# How to glue mdf edge to edge



## ashahidan

I have a few pieces of one inch thick, 5 by 8 inches of mdf board. I have tried joining them to make a few bigger pieces with white glue but the edges would''t stick together. The edges seem suck the glue into the fiber. I then tried using fiberglass glue. This also failed. 
Is there any other ways to glue mdf edge to edge?

Shahidan


----------



## Loren

You may have success making a glue sizing out of glue
thinned with water. Apply 1 coat and let it dry, then 
another. This should be enough to keep future glue
from sucking into the MDF edges.


----------



## tefinn

MDF doesn't join together like real wood will. You will need to use some type of dowels, biscuits or mechanical fastener like pocket screws.

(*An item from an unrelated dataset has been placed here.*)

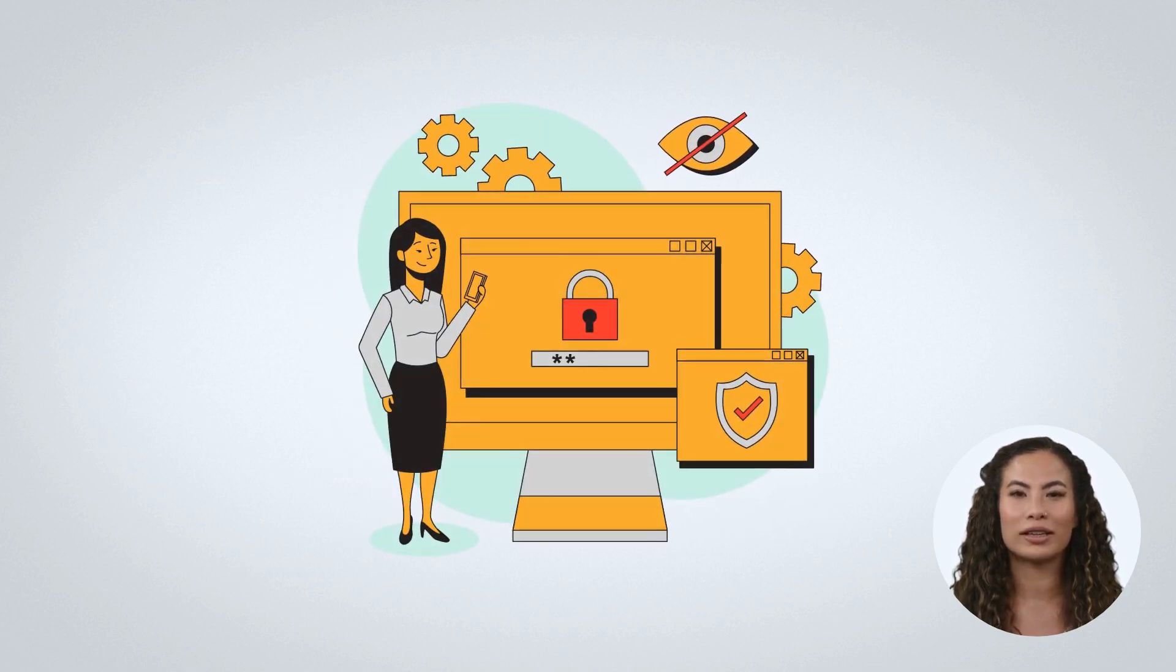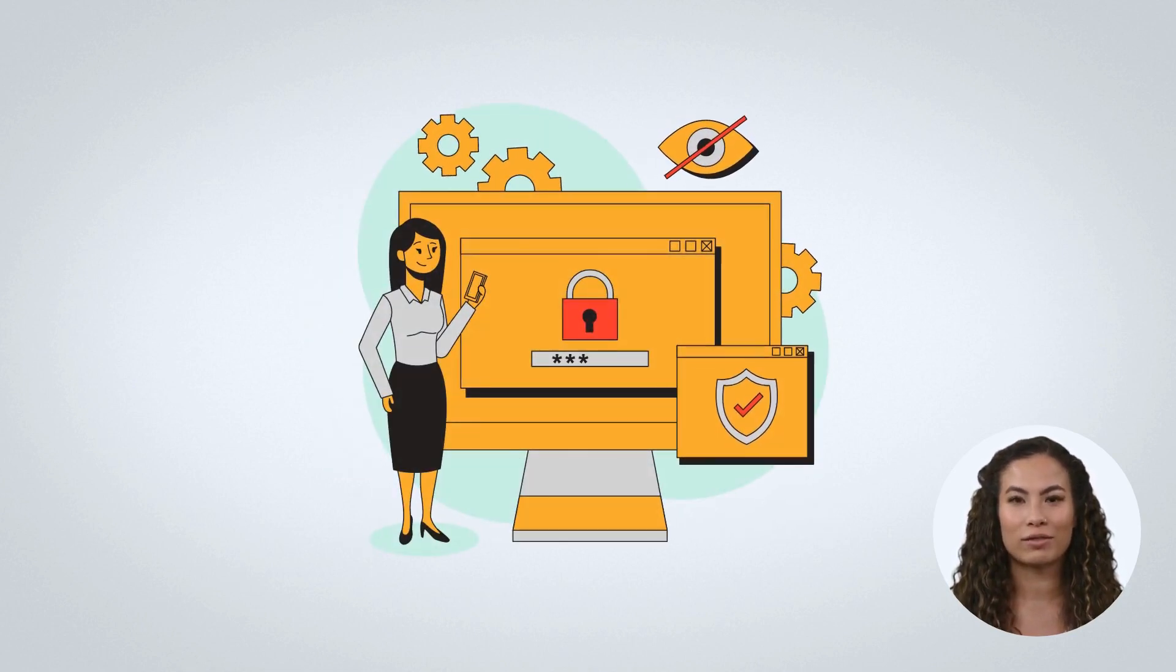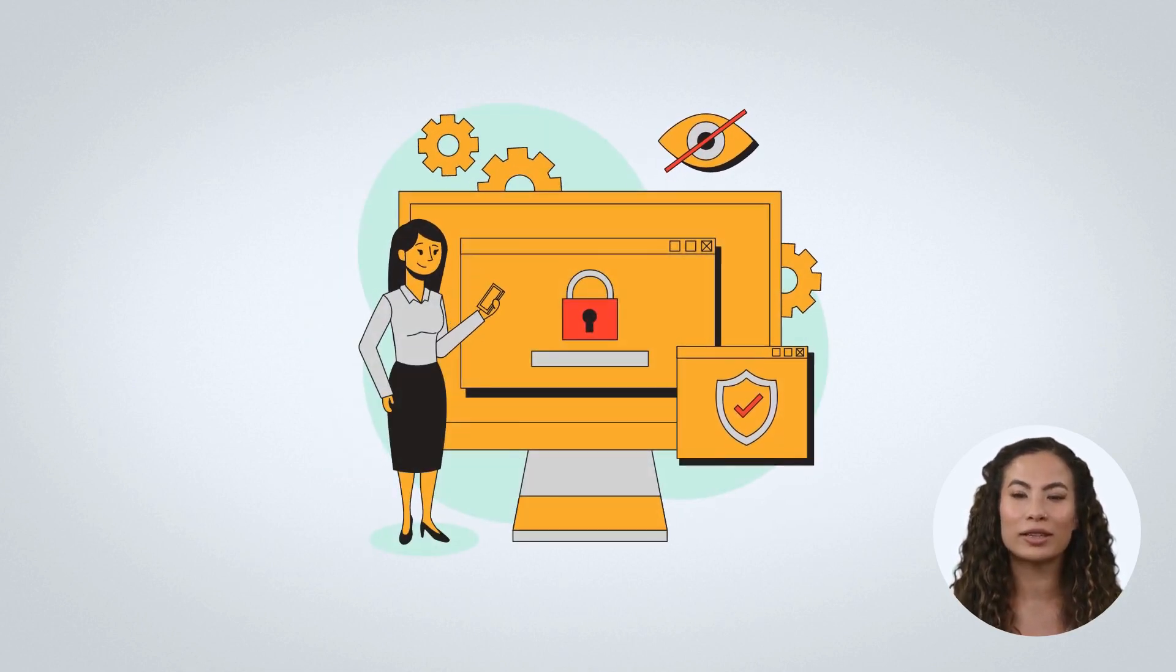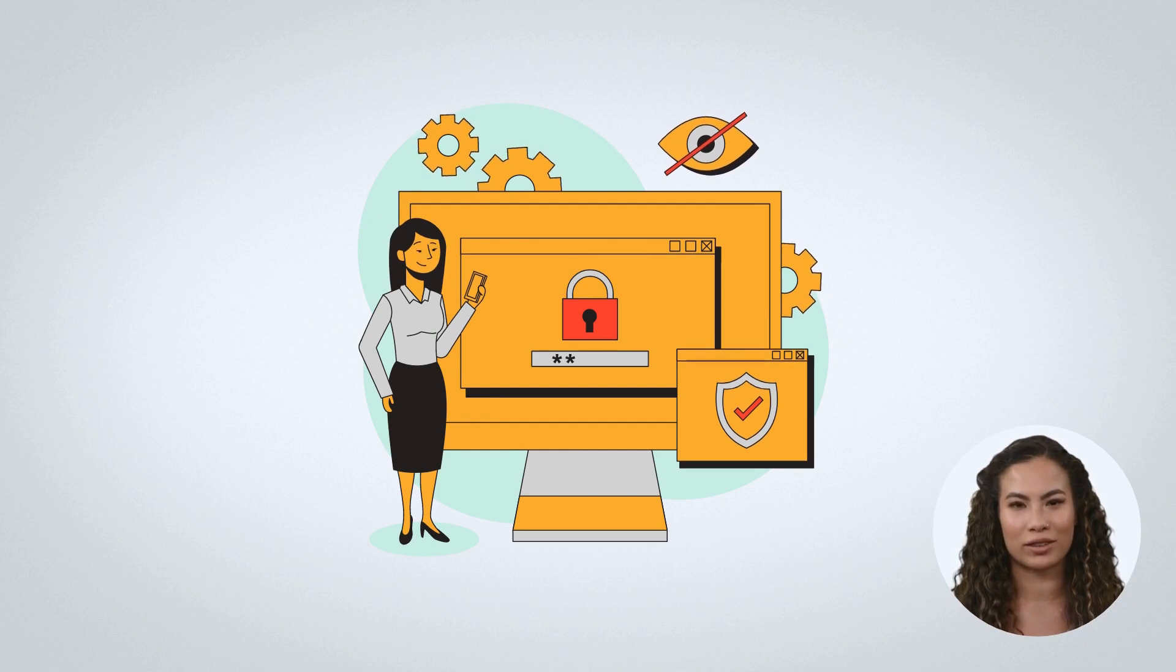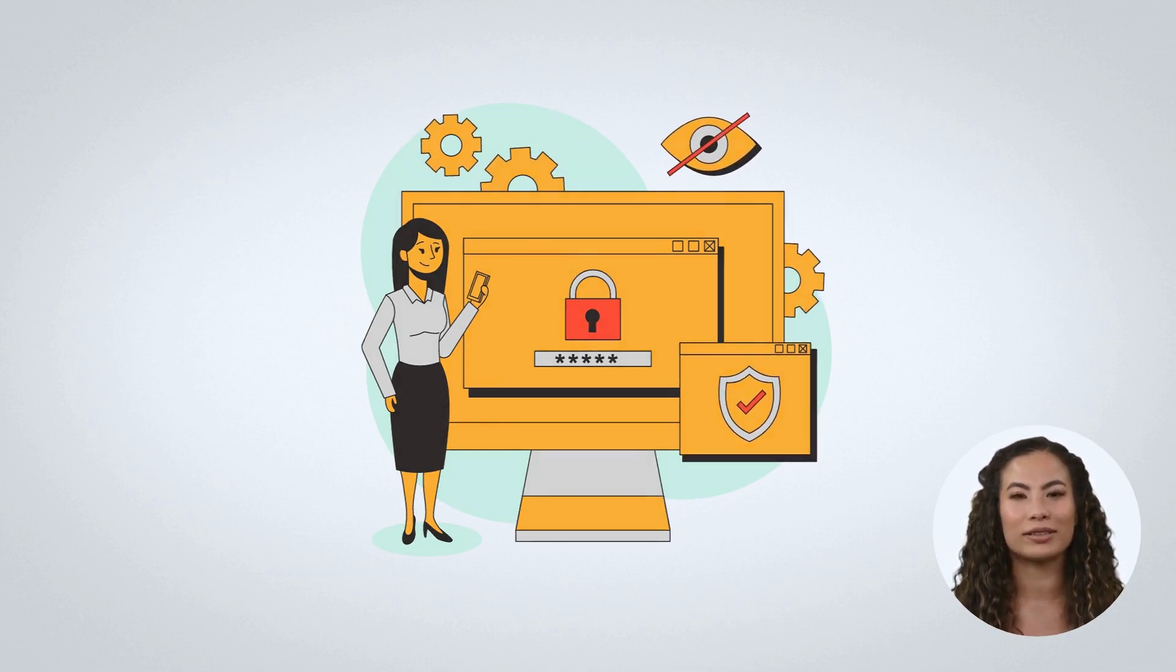Cloud security compliance can help organizations protect their data, maintain compliance with industry regulations, and reduce the risk of data breaches.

You might also try polyurethane glue or epxoy. Whatever you use the joint won't have any real structural strength like edge joined wood. If you dont support it from below and put weight on it, it will break.


----------



## rockindavan

Biscuits or dominos…or maybe start with a bigger board lol


----------



## NiteWalker

+1 on biscuits or dowels, but if you can, use a new board.


----------



## waho6o9

How about using a spline?


----------



## ashahidan

Thank you for your suggestions.
I appreciate your suggestions but as you all say the joint would not be strong I might as well use the boards for other small projects. 
Epoxy is rather expensive for me.

Thank you again.


----------